• _DESCRIPTION OF THE TASK_
Your answer should hold the data exactly as given, minus any picture.
* * * * * * *
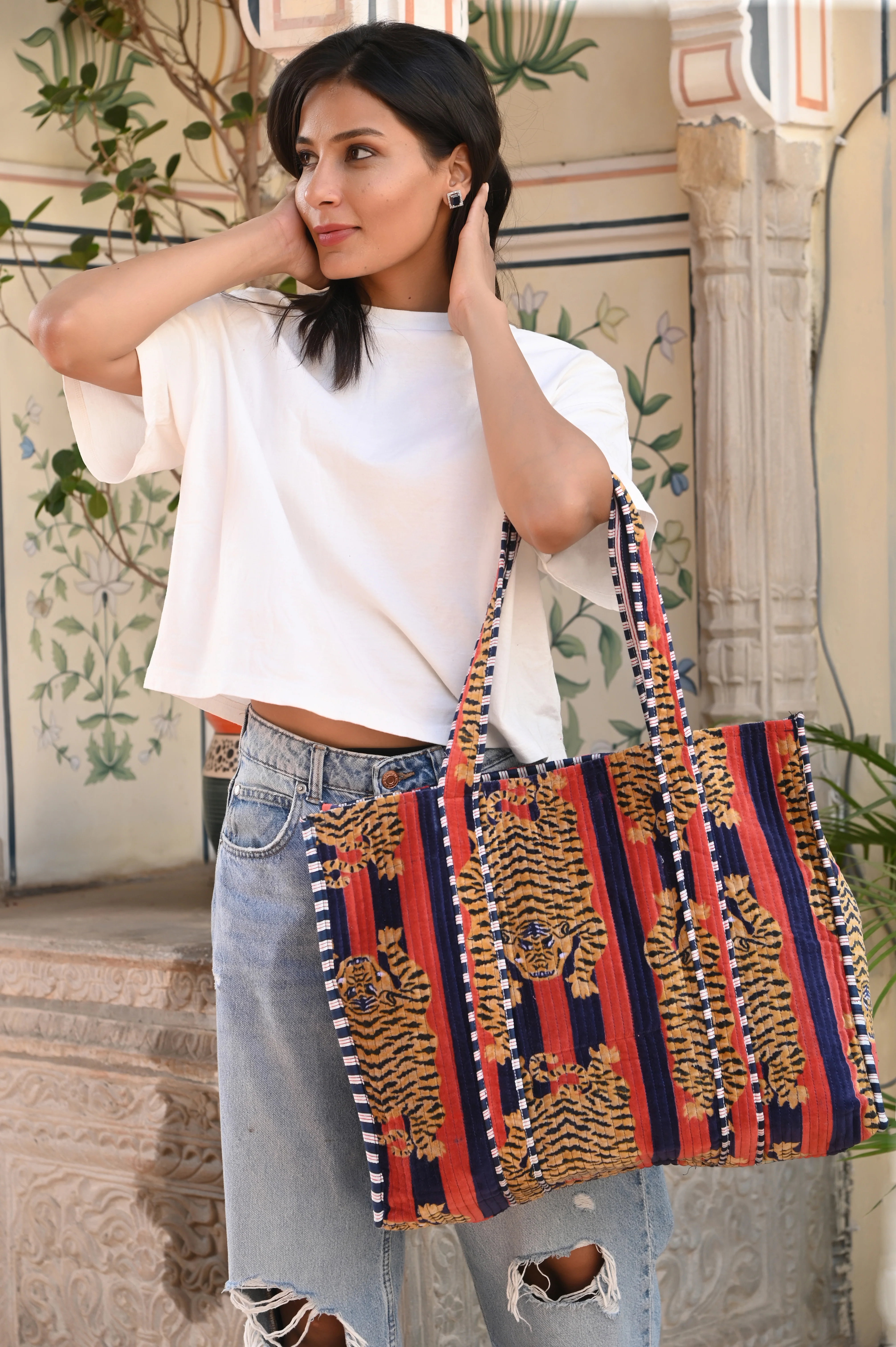 The Tibetan Tiger Tote in Velvet - Image 55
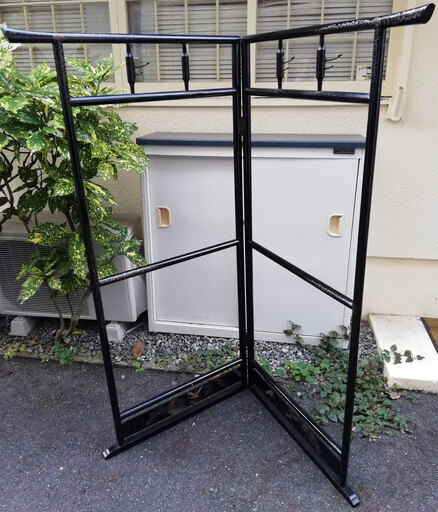 ◆衣桁 いこう 衣紋掛け 黒漆 153㎝ 着物 ハンガーラック アンティーク 昭和 レトロ◆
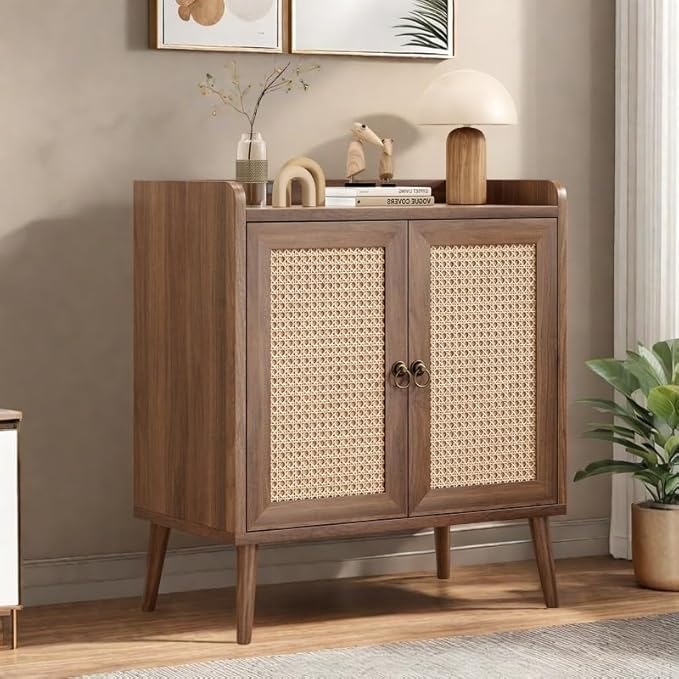 FONTOI Buffet Cabinet, Rattan Storage Cabinet with Round Pull Rings, Sideboard with Ample Storage, Bar Liquor Shelf with 2 Doors for Living Room, Hallway, Light Brown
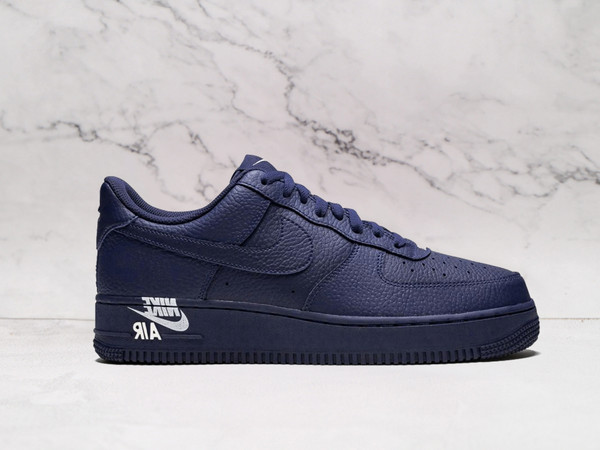 Air Force 1 LV8 Leather Emblem Pack Navy with Blue Void leather upper and Vast Grey Swoosh Air Force 1 LV8 Leather Emblem Pack Navy with Blue Void leather upper and Vast Grey Swoosh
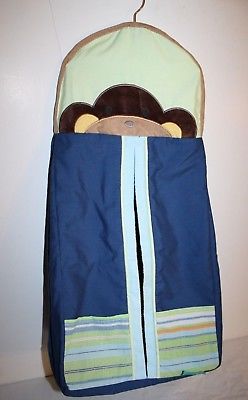 Tiddliwinks BABY MONKEY SAFARI Nursery Hanging Diaper Stacker Blue Green Target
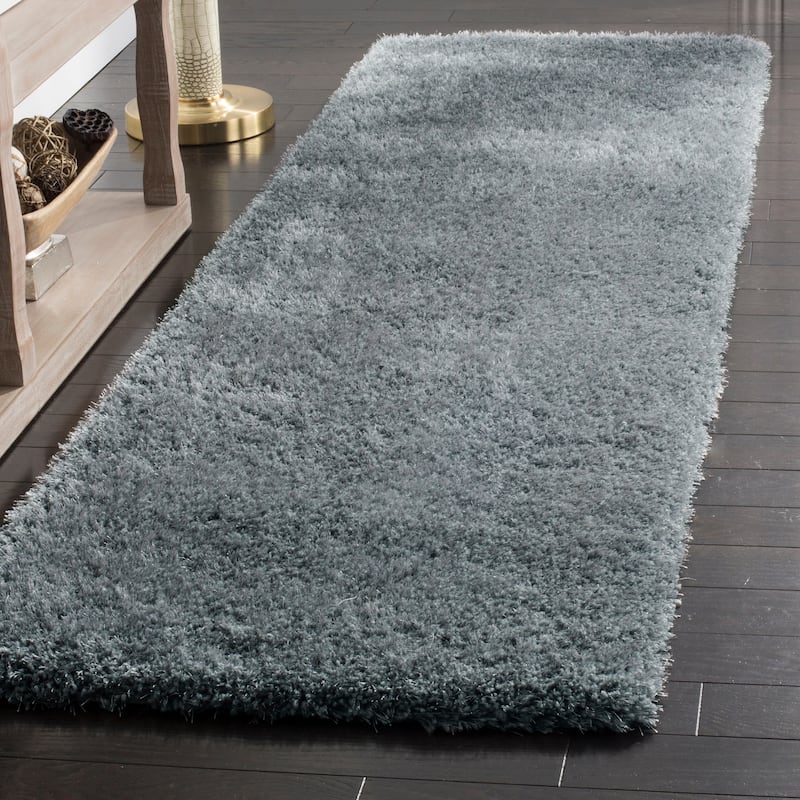 SAFAVIEH Handmade Toronto Shag Mikaela Polyester Rug - 2'3" x 8' Runner - Dark Grey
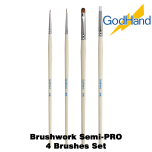 GodHand Brushwork Semi-PRO 4 Brushes Set Made In Japan # GH-EBRSP-SN-SET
* * * * * * *
• _SOLUTION TO THIS PROBLEM_
 The Tibetan Tiger Tote in Velvet - Image 55
 ◆衣桁 いこう 衣紋掛け 黒漆 153㎝ 着物 ハンガーラック アンティーク 昭和 レトロ◆
 FONTOI Buffet Cabinet, Rattan Storage Cabinet with Round Pull Rings, Sideboard with Ample Storage, Bar Liquor Shelf with 2 Doors for Living Room, Hallway, Light Brown
 Air Force 1 LV8 Leather Emblem Pack Navy with Blue Void leather upper and Vast Grey Swoosh Air Force 1 LV8 Leather Emblem Pack Navy with Blue Void leather upper and Vast Grey Swoosh
 Tiddliwinks BABY MONKEY SAFARI Nursery Hanging Diaper Stacker Blue Green Target
 SAFAVIEH Handmade Toronto Shag Mikaela Polyester Rug - 2'3" x 8' Runner - Dark Grey
 GodHand Brushwork Semi-PRO 4 Brushes Set Made In Japan # GH-EBRSP-SN-SET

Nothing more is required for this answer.